Using the data below, print exactly the line with "Imagem de Rafinha Suzuki", the line with "Crescent Entertainment (Video", and every line between them, but none of the pictures.

**Material for the task:**
###
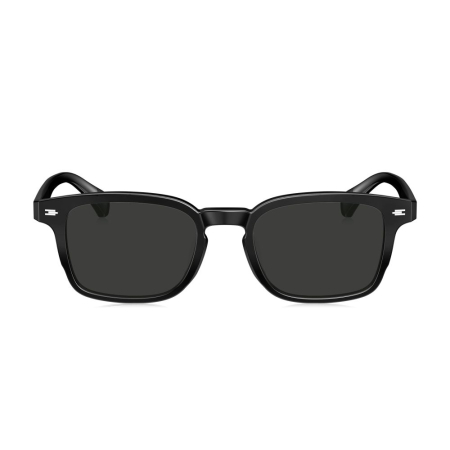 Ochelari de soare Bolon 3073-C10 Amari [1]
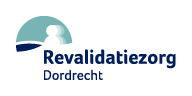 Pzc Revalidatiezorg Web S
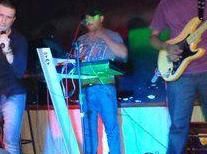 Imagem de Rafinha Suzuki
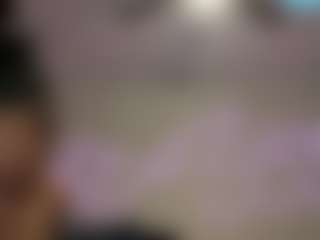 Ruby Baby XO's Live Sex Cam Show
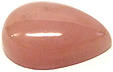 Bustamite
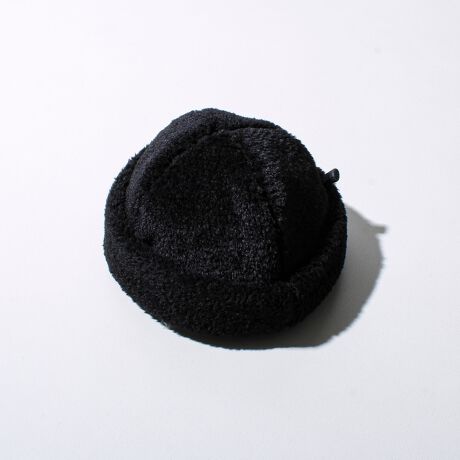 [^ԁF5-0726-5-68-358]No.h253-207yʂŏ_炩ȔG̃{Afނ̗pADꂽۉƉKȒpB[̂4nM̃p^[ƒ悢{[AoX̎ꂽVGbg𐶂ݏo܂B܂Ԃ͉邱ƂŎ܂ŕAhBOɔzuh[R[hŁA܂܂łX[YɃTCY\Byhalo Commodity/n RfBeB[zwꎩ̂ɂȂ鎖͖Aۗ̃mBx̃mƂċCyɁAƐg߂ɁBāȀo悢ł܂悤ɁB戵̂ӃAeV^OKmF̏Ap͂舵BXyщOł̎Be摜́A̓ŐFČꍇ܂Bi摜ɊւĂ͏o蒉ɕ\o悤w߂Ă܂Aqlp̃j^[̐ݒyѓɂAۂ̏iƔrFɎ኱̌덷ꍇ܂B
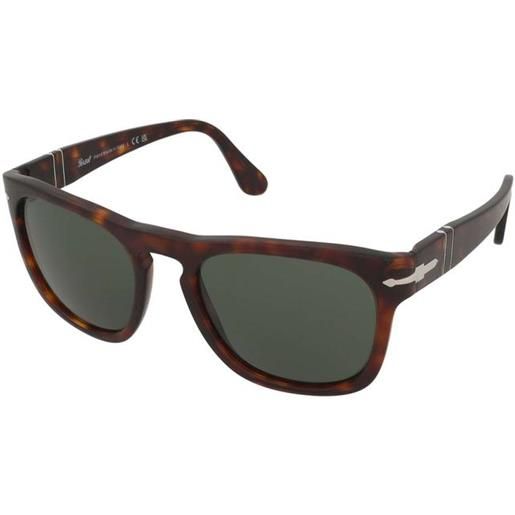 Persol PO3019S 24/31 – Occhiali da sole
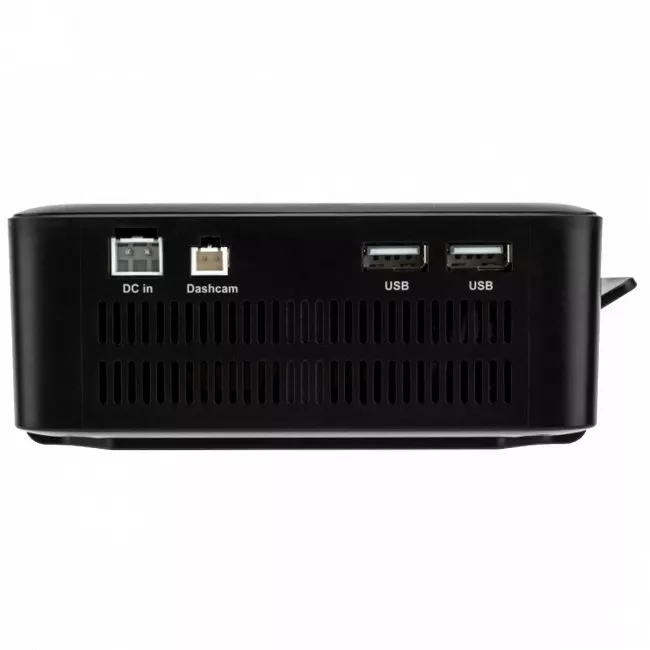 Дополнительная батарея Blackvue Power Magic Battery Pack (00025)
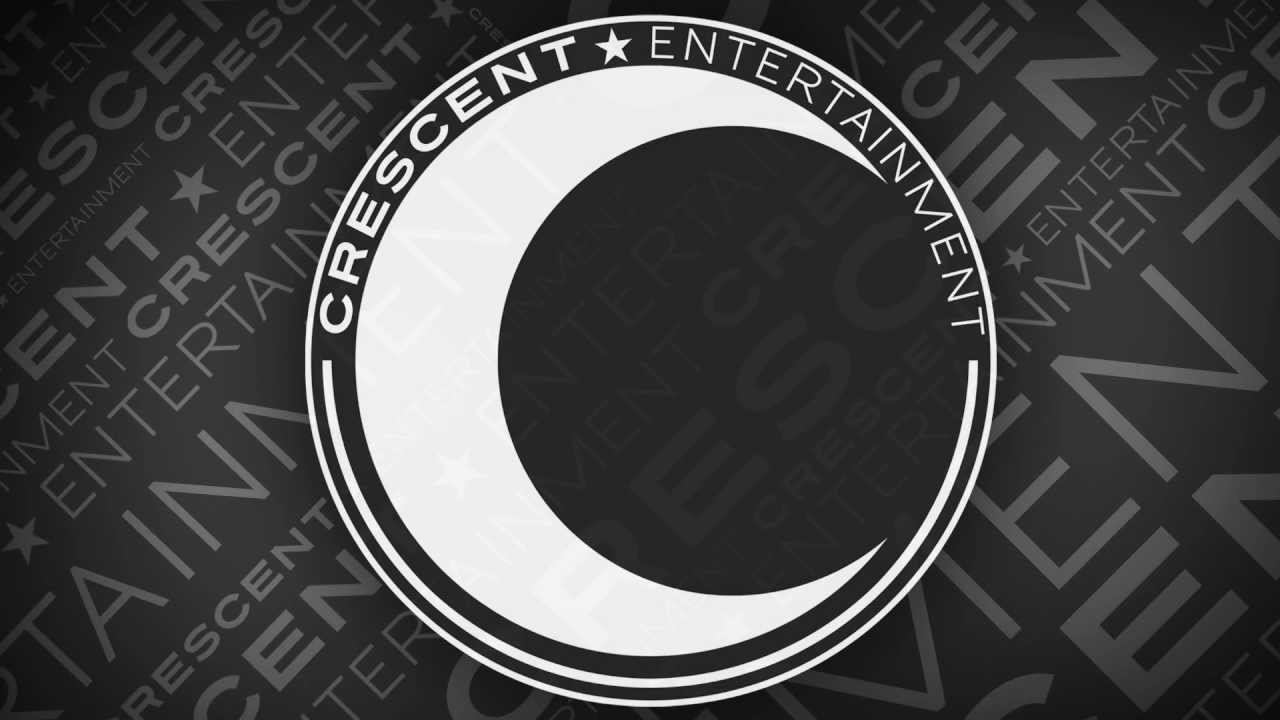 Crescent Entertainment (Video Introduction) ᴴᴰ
###
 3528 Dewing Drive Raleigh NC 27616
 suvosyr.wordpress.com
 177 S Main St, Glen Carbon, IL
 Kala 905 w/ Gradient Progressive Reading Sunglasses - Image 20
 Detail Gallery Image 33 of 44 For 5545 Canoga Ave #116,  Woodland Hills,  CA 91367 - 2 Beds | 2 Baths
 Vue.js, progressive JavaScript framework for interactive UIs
###
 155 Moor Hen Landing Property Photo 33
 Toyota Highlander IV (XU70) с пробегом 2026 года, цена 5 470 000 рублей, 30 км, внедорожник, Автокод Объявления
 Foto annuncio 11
###
**Solution for this exercise:**
 Imagem de Rafinha Suzuki
 Ruby Baby XO's Live Sex Cam Show
 Bustamite
 [^ԁF5-0726-5-68-358]No.h253-207yʂŏ_炩ȔG̃{Afނ̗pADꂽۉƉKȒpB[̂4nM̃p^[ƒ悢{[AoX̎ꂽVGbg𐶂ݏo܂B܂Ԃ͉邱ƂŎ܂ŕAhBOɔzuh[R[hŁA܂܂łX[YɃTCY\Byhalo Commodity/n RfBeB[zwꎩ̂ɂȂ鎖͖Aۗ̃mBx̃mƂċCyɁAƐg߂ɁBāȀo悢ł܂悤ɁB戵̂ӃAeV^OKmF̏Ap͂舵BXyщOł̎Be摜́A̓ŐFČꍇ܂Bi摜ɊւĂ͏o蒉ɕ\o悤w߂Ă܂Aqlp̃j^[̐ݒyѓɂAۂ̏iƔrFɎ኱̌덷ꍇ܂B
 Persol PO3019S 24/31 – Occhiali da sole
 Дополнительная батарея Blackvue Power Magic Battery Pack (00025)
 Crescent Entertainment (Video Introduction) ᴴᴰ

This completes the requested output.